TASK DIRECTIONS>
Take the entries below and reproduce exactly the portion that begins at the line containing "湘教版七年级数学上册教学课件：21用字母表示数（共21张PPT）_第2页" and ends at the line containing "热烈祝贺苏州唯诚打造的工业生产安全三维动漫成功面世！", keeping both ends, dropping pictures, and adding nothing else.

EXTRACTED MATERIAL>
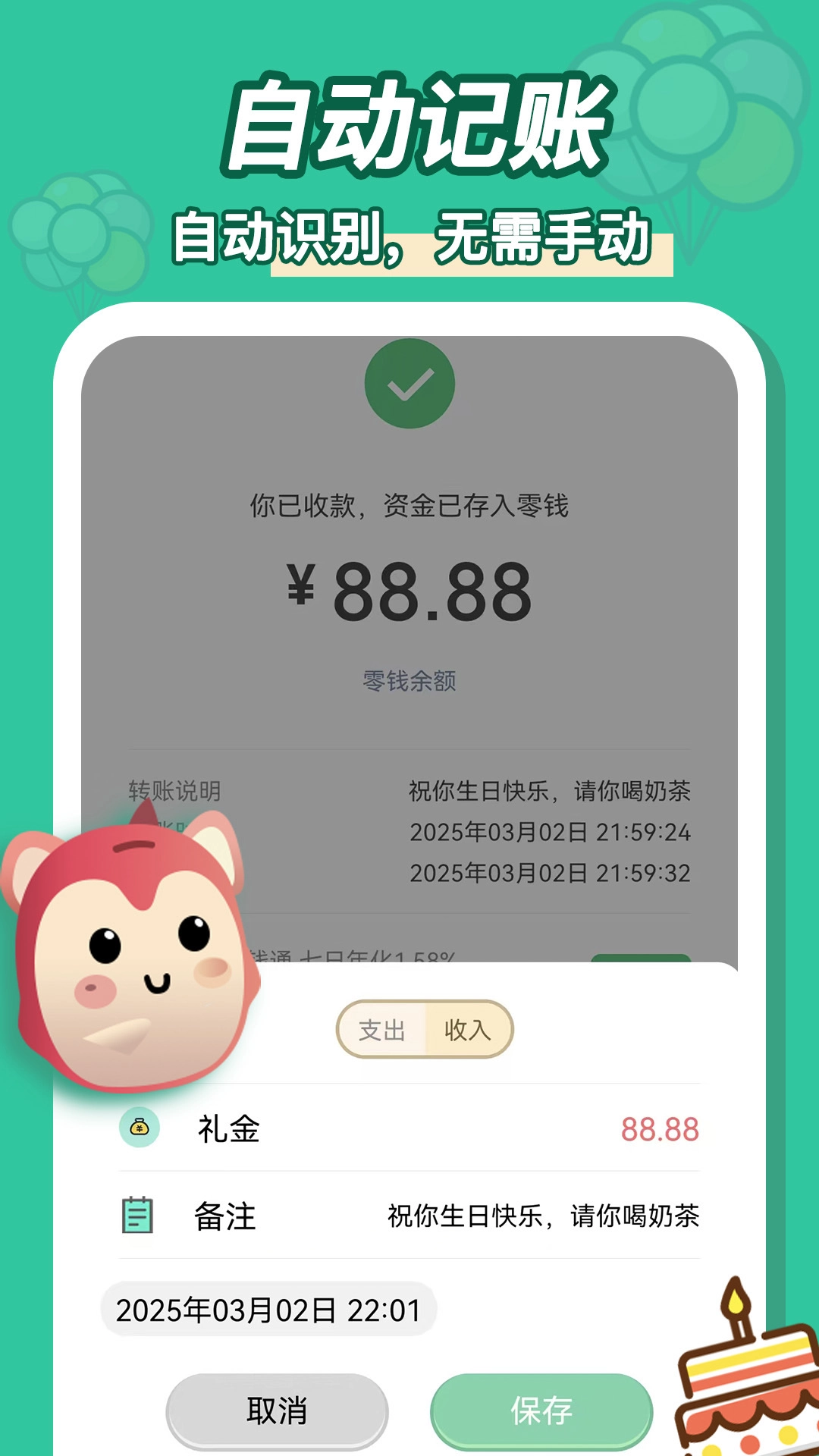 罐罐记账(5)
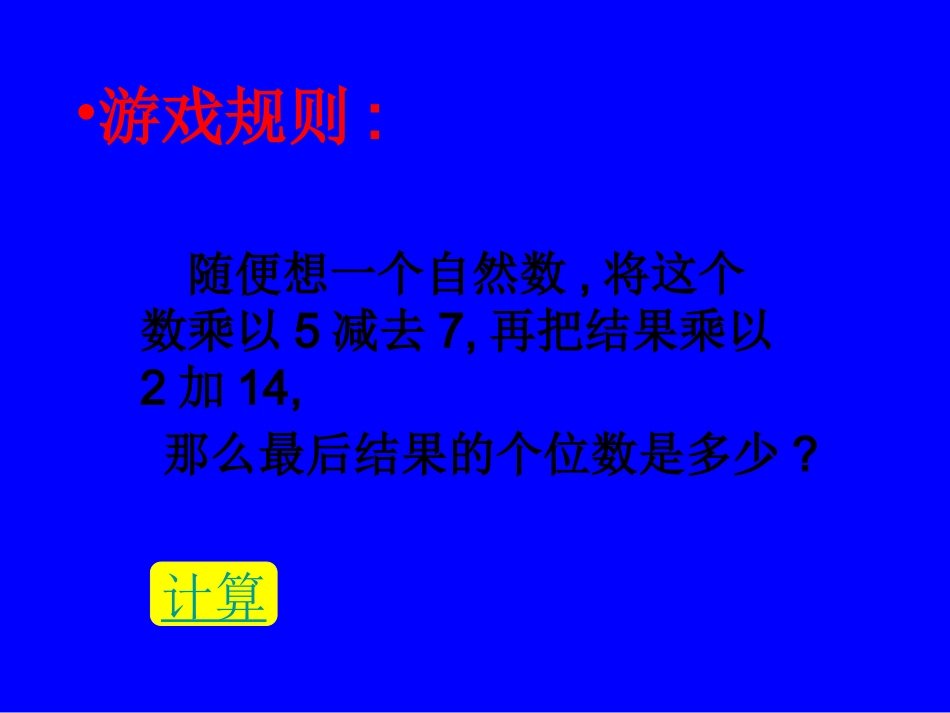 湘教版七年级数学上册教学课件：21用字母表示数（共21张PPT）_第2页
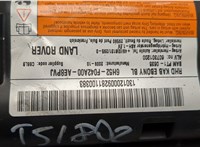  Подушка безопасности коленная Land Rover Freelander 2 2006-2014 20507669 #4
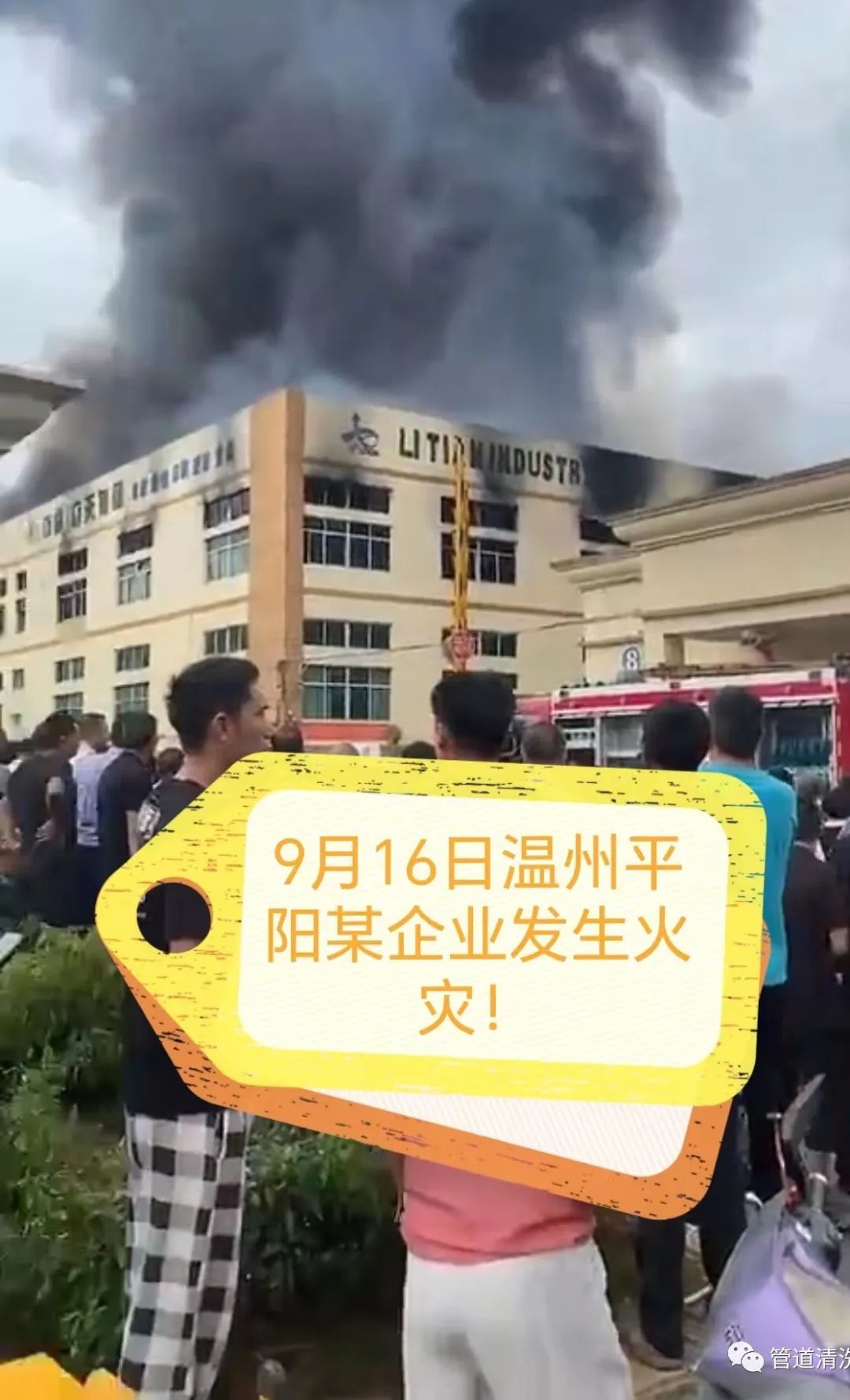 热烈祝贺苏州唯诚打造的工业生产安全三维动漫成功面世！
==
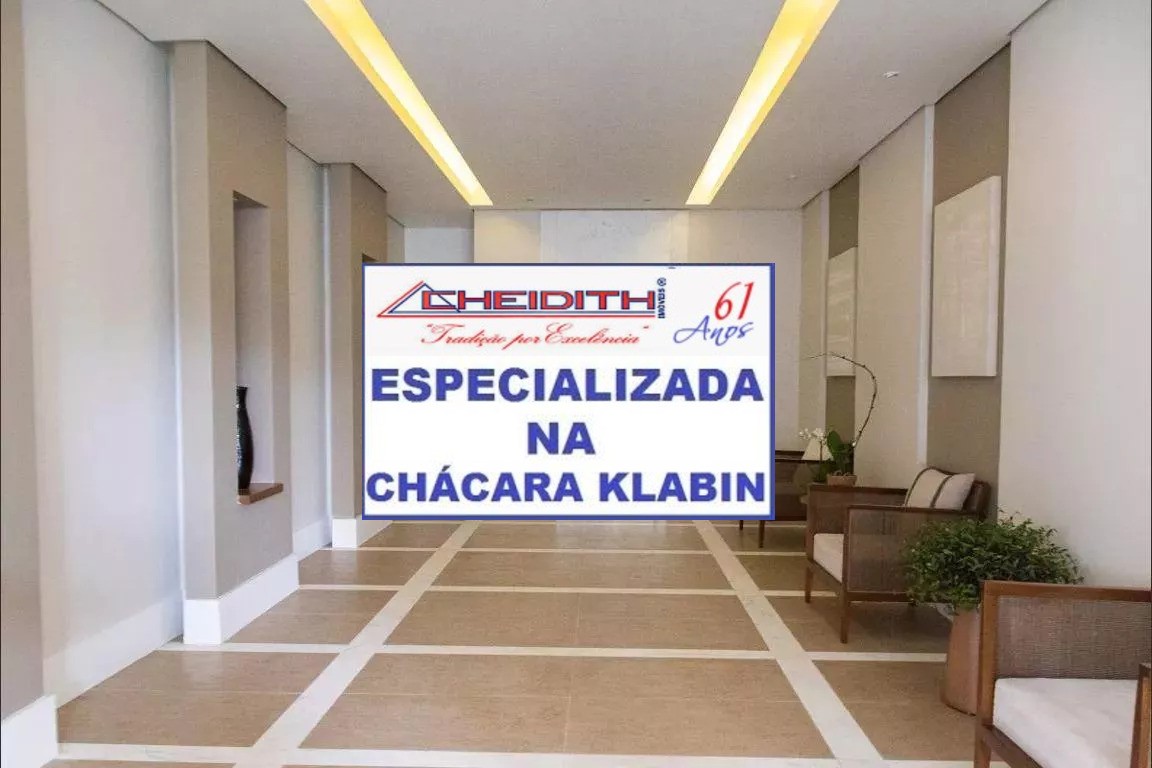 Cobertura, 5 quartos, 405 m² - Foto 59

YOUR RESPONSE>
 湘教版七年级数学上册教学课件：21用字母表示数（共21张PPT）_第2页
  Подушка безопасности коленная Land Rover Freelander 2 2006-2014 20507669 #4
 热烈祝贺苏州唯诚打造的工业生产安全三维动漫成功面世！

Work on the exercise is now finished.